Bununla birlikte, bir karavanda veya bazı SUVlarda hızlı bir şekilde 50 cmye kadar gereklidir.
Bei einem Wohnmobil oder manchen SUVs sind hingegen schon schnell mal bis zu 50 cm erforderlich.
Ailesini üç yıl bir karavanda kilitli tuttu.
Familie drei Jahre lang in Wohnwagen gesperrt.
Bir karavanda yaşıyorum dedektif.
Ich lebe in einem Wohnwagenpark, Detective.
Bense bir karavanda elimde eldivenlerle ödevlerimi yapmak zorundaydım. Çünkü annemin ısınma masraflarını karşılayacak gücü yoktu.
Ich saß im Wohnwagen, machte Hausaufgaben in Handschuhen, weil meine Mutter keine Heizung hatte.
Hayır, sadece iki taşralı ve bir karavanda iki inek.
Nur ein paar Hillbilly-Typen und 2 Nerds im Wohnmobil. Nein.

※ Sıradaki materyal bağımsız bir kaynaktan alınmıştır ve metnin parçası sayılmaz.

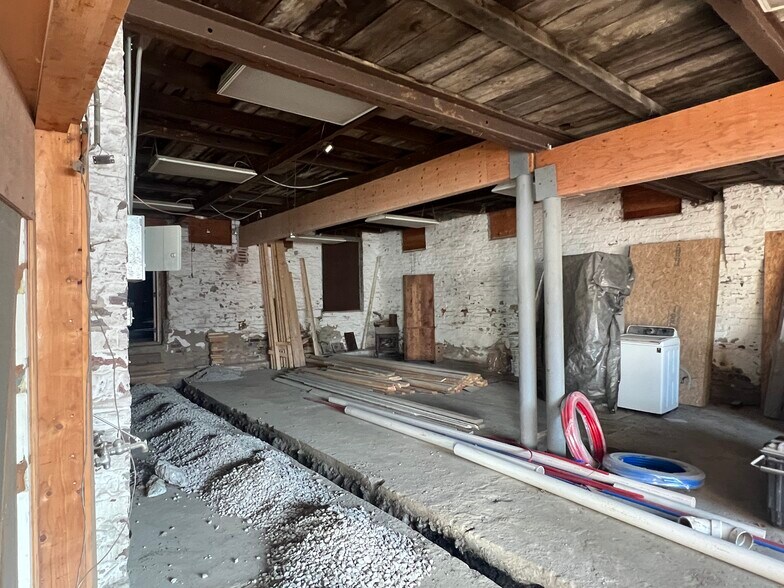 More Photos Of 1605 Broadway, Lorain Storefront Retail Residential For Sale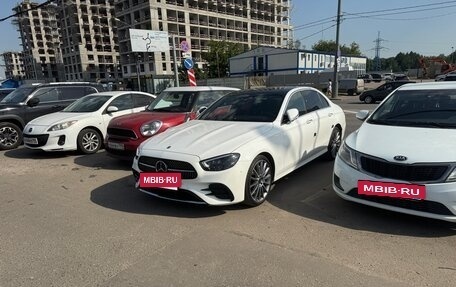 Mercedes-Benz E-Класс, 2022 год, 5 750 000 рублей, 2 фотография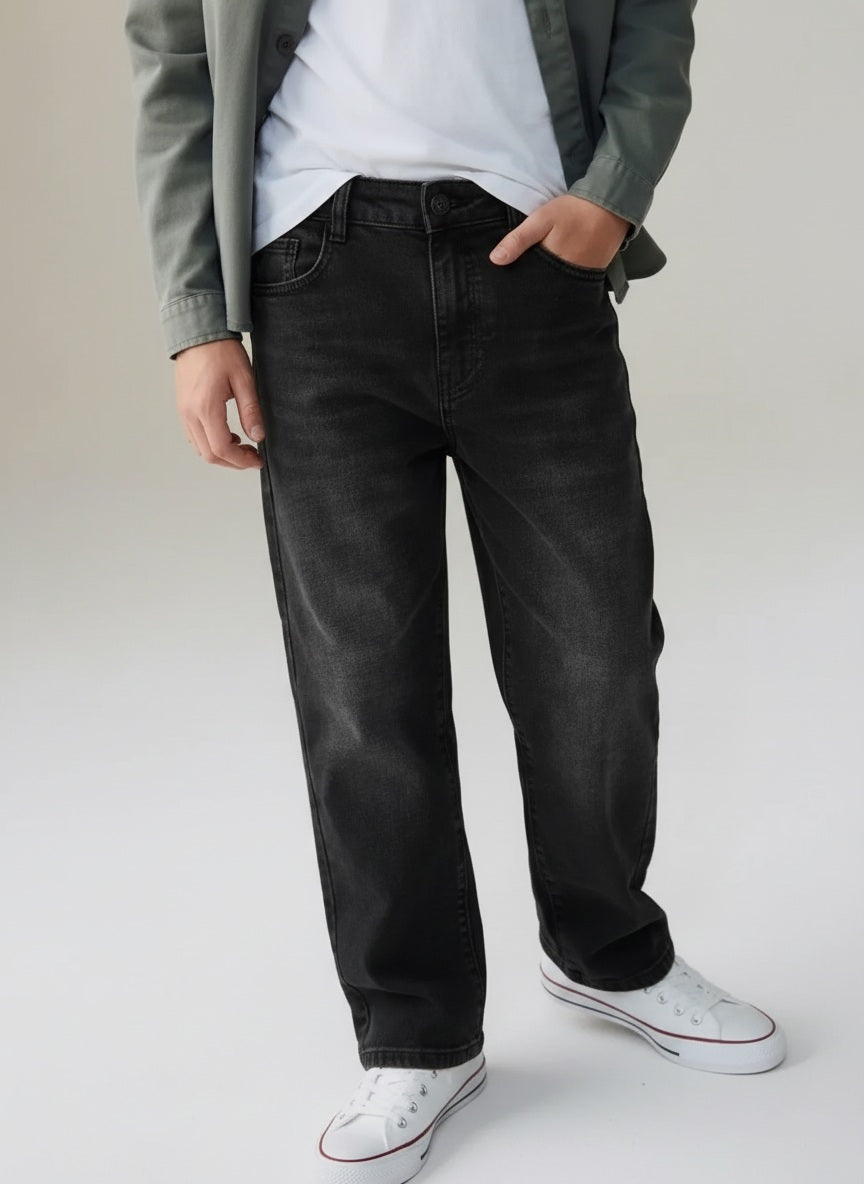 Boys Straight Fit Mid-Rise Light Fade Stretchable Jeans
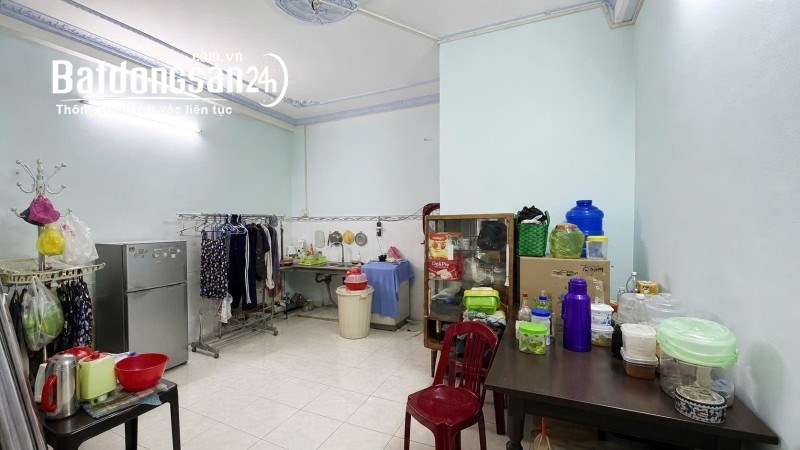 Bán nhà tại khu Vip Tô Hiệu, quận Tân Phú - Tiện ích ngập tràn, 52m2, chỉ 4.95 tỷ.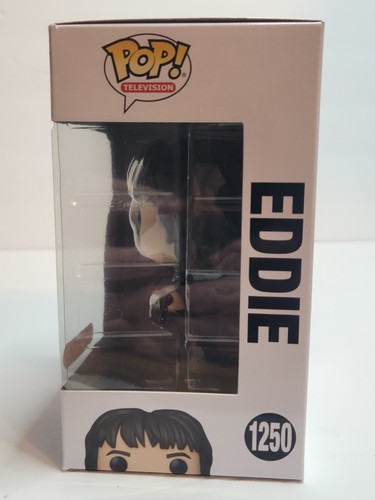 Funko Pop Eddie con chitarra #1250 Stranger Things Target esclusivo autentico USA... - Foto 4 di 5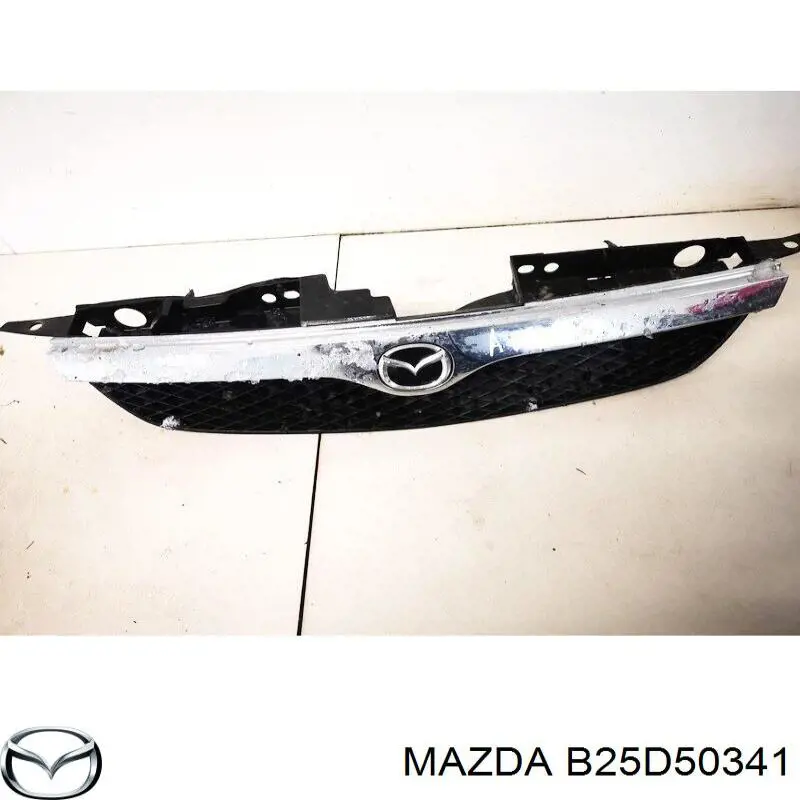 Купить B25D50341 Mazda Правый кронштейн крепления бампера заднего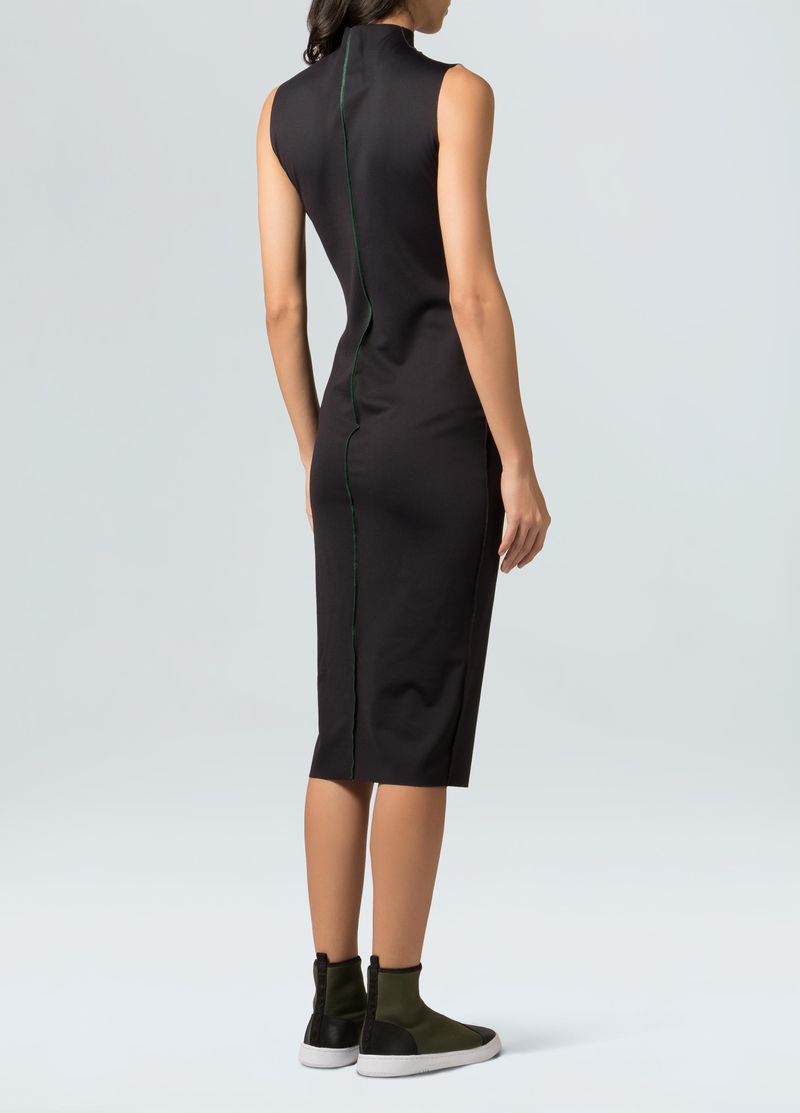 VESTIDO FIT PESPONTO E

Alex Karev, hastanenin park alanındaki… bir karavanda yaşıyor.
Alex Karev wohnt in einem Trailer vor dem Krankenhaus.
Yollarda yaşamak istemedin hatırladın mı? Çünkü sen bir karavanda.
Weil du nicht im Van leben wolltest.
noelde yoktun, bir karavanda yaşıyorsun.
lebst im Trailer, lässt dich scheiden.
Toninin büyükbabası, kutu gibi bir karavanda yaşıyor.

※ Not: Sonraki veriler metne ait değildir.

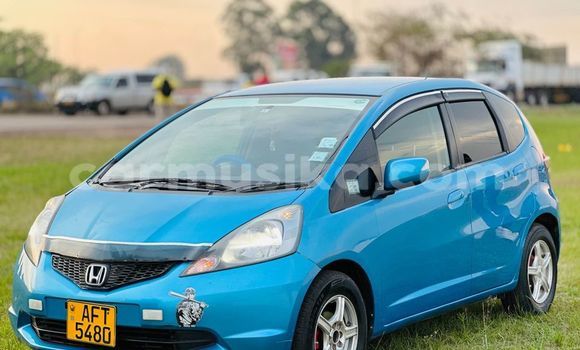 Buy Used Honda Fit Blue Car in Harare in Harare Buy Used Honda Fit Blue Car in Harare in Harare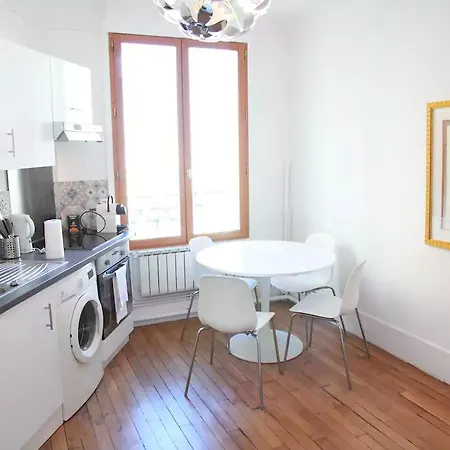 Appartement Flat Next To Convention Center Vanves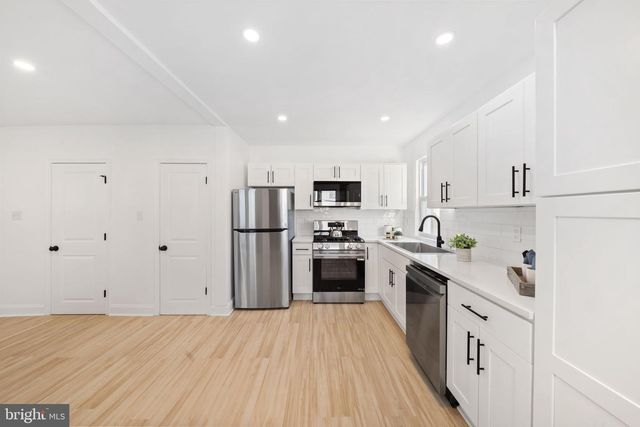 2517 MARSHALL RD, Drexel Hill, PA 19026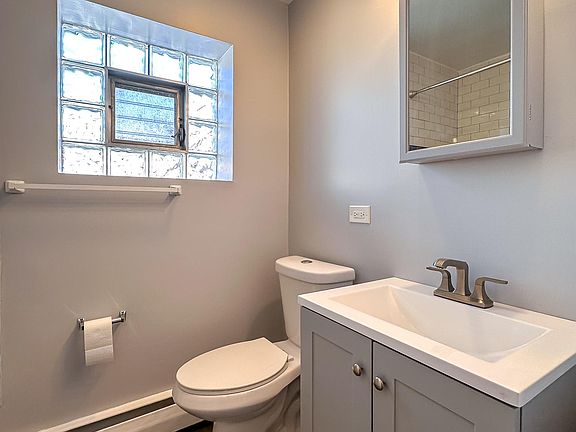 3rd image of 4329 N Kedvale Ave APT 105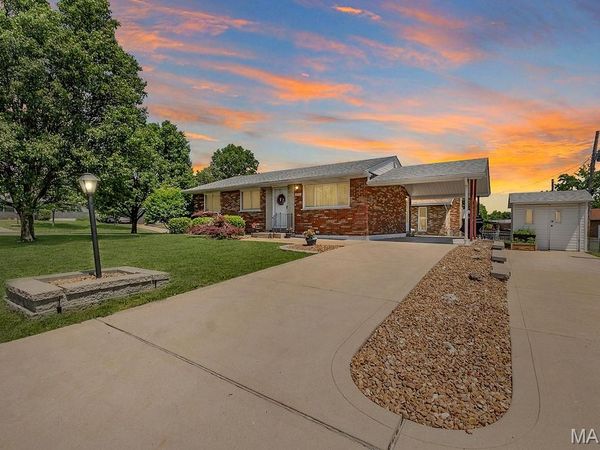 4231 Tupelo Drive , Unincorporated, MO 63125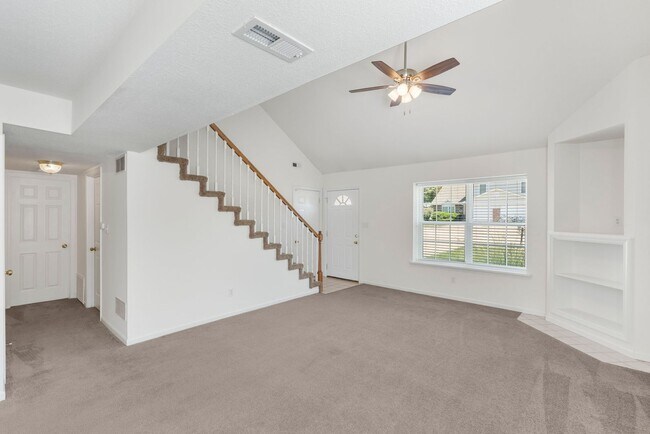 Foto del edificio - 5001-5003 Betty Jean Way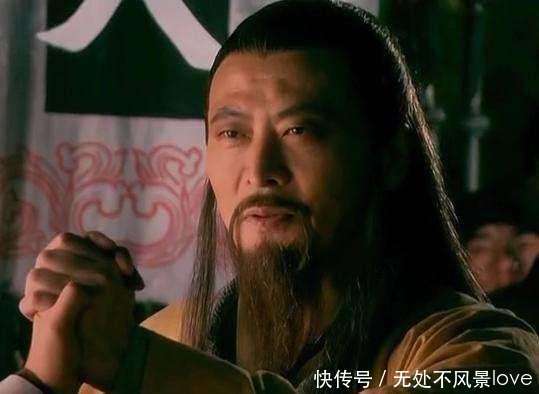射雕中,有一厉害高手,吓蒙裘千仞,秒杀欧阳锋,是郭靖的大伯!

Tonis Großvater lebt in einem Wohnwagen so groß wie ein Besenschrank.
Bir karavanda yaşıyormuş. bir bebeği olan ablasıyla birlikte… Dinle. Siyah sevgilisinden gayri meşru.
Die ein uneheliches Kind mit ihrem schwarzen Freund hat. Sie wohnt in einem Wohnwagen mit ihrer Schwester, Hör zu.

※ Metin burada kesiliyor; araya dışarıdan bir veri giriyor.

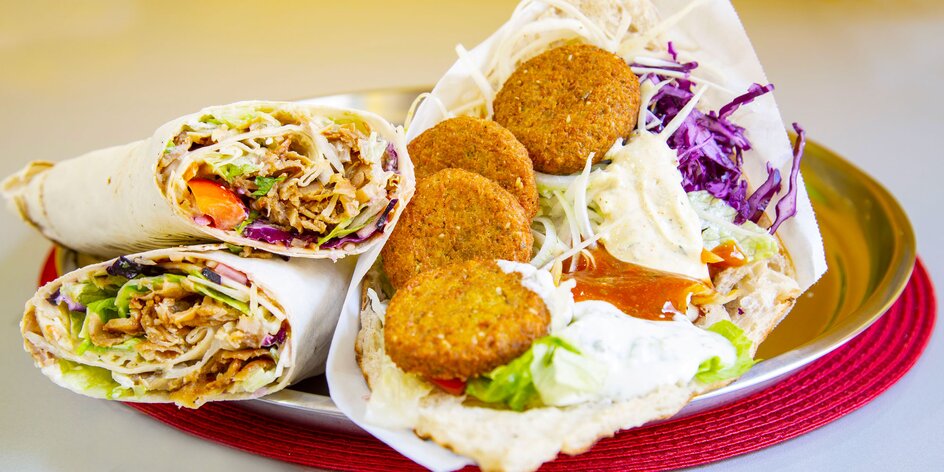 Kebab, twister nebo falafel a nápoj podle výběru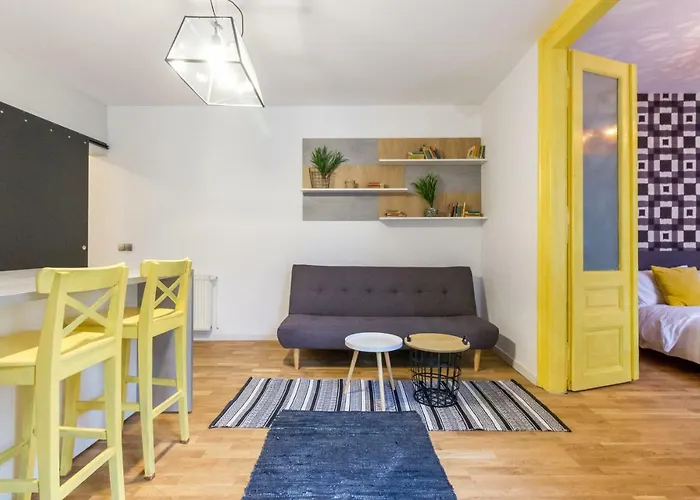 Quiet Old Town Hideout Apartman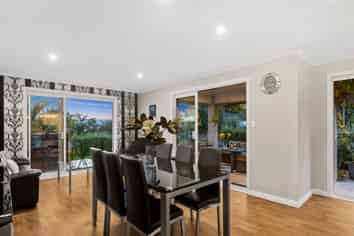 10 Tralee Street, Omokoroa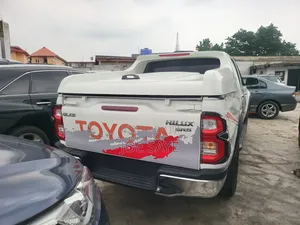 Photo - Toyota Hilux 2016 White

Temsilci topluluğu Bir karavanla çıkageldi.
Eine Ansammlung von Agenten erscheint in einem Wohnwagen.
Beyler, bir karavanın peşindeyiz.
Wir suchen jetzt nach einem Wohnmobil.
Neden bana bir karavanın fotoğrafını gönderdi?
Warum schickt es mir ein Bild von einem Wohnwagen?
Ona bir karavan borçlu olduğunu söylüyor.- Hayır.
Nein. Sie sagt, du schuldest ihr ein Wohnmobil.
Bir karavanımız var!- Evet neden duralım?
Wozu? Wir haben ein Wohnmobil.
Buraya ilk geldiğimizde bir karavan vardı ama… ama gittiler.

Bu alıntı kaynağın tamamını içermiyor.